А вообще к своим ранним пробам пера он относился с долей иронии. «Избавляйтесь от отработанного топлива», – мрачно посоветовал он репортеру, донимавшему его насчет тех самых «библиографических подробностей»...

Зато позже, в 1940–50-е годы, набравшись жизненного и литературного опыта и отточив свой уникальный, богатый красками и обертонами стиль, Старджон закономерно стал одной из самых ярких звезд, взошедших на небосклоне фантастики в легендарную эпоху Кэмпбелла. И хотя одних только первоклассных авторов великий редактор вводил в литературу десятками, Старджону повезло выделиться даже среди них.

Если одним словом попытаться объяснить, чем именно, то слово это будет – человечность.

Не в смысле «гуманизма» (многие его произведения более чем мрачны и пессимистичны во всем, что касается перспектив и «достижений» вида Homo sapiens), а в смысле постоянного и пристального интереса к подлинно человеческим качествам. Любви, ненависти, любопытству, сочувствию, жестокости, эгоизму, способности к бескорыстию и самопожертвованию, жадности, творчеству, вере или безверию... – и так далее и тому подобное (список каждый может продолжить сам).

Причем, все то, что делает человека человеком, Старджон не просто констатирует и фиксирует, а и испытывает на своеобразную прочность.

Здесь он работает, как и положено уважающему себя научному фантасту. А именно: ставит героев в неожиданные, парадоксальные, а то и вовсе небывалые и нелепые ситуации – и смотрит, как поведут себя обыкновенные люди в условиях необыкновенных, нелюдских.

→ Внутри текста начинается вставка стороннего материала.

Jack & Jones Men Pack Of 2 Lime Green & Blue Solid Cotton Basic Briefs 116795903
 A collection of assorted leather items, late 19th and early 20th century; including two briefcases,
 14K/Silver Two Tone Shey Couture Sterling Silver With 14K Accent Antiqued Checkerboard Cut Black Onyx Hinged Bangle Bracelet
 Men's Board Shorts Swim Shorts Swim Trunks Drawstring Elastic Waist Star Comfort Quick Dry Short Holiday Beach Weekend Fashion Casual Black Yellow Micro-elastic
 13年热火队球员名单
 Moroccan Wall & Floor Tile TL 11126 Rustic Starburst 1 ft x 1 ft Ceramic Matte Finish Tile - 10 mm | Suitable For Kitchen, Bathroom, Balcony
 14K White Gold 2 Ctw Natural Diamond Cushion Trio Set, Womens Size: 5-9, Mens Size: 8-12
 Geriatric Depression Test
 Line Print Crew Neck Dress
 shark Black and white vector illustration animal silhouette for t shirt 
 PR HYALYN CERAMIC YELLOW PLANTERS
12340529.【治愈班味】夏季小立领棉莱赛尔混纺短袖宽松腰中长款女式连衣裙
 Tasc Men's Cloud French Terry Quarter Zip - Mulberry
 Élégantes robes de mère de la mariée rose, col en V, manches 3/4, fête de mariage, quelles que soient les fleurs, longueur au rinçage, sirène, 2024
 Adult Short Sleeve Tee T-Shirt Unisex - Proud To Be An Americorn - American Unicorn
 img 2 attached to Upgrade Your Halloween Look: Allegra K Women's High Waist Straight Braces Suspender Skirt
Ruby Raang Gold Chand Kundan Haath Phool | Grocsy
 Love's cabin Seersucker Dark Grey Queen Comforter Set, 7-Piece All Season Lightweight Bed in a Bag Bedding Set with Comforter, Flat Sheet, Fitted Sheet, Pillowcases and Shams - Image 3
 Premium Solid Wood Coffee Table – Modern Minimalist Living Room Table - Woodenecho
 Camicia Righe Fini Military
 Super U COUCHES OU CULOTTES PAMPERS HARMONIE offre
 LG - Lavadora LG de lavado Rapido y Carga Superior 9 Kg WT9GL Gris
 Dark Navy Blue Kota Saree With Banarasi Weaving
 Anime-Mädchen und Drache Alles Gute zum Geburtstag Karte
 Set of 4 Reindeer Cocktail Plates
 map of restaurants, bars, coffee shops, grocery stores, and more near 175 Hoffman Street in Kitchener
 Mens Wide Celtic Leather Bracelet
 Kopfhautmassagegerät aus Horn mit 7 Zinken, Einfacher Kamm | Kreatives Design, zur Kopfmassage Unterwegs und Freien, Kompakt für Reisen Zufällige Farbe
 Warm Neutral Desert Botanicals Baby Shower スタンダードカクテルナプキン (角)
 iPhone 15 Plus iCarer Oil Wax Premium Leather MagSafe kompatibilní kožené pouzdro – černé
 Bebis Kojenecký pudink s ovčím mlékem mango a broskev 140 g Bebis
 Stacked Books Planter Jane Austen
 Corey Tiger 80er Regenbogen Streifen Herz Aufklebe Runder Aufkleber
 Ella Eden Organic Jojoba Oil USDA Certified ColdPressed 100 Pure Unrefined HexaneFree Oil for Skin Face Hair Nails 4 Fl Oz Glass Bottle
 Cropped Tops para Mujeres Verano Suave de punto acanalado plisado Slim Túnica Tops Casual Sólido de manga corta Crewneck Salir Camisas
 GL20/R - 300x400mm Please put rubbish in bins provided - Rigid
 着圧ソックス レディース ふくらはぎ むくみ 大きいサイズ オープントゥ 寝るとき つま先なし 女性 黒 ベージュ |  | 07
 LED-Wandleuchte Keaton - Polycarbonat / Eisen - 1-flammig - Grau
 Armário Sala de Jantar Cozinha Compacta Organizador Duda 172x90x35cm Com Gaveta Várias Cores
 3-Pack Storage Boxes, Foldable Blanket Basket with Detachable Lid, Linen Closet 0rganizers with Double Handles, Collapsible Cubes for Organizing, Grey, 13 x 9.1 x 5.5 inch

И уж, конечно, для него – исследователя человеческого в нечеловеческом – перестают существовать какие-либо нормы и табу! В этом постоянном и принципиальном иконоборчестве Старджон задолго до «Новой Волны» предварил многие откровения тогдашних молодых бунтарей. Разве что разрушал он догмы и святыни с меньшим сладострастием, меньше производил шума и почти совсем не тяготел к внешним эффектам и рассчитанному на откровенный скандал эпатажу...

В американскую фантастику Теодор Старджон (намного опередив Фармера, Дилэни и прочих «озабоченных» этими сюжетами авторов) вошел прежде всего как ниспровергатель сексуальных предрассудков и штампов. Только я бы добавил: его в меньшей степени интересовали – и мучили, и интриговали, и завораживали! – секс (как «биология»), эротика (как «искусство»), тем паче не порнография (как «масс-продукция»); в гораздо большей, как это ни банально это звучит, – любовь. Правда, во всем диапазоне ее проявлений.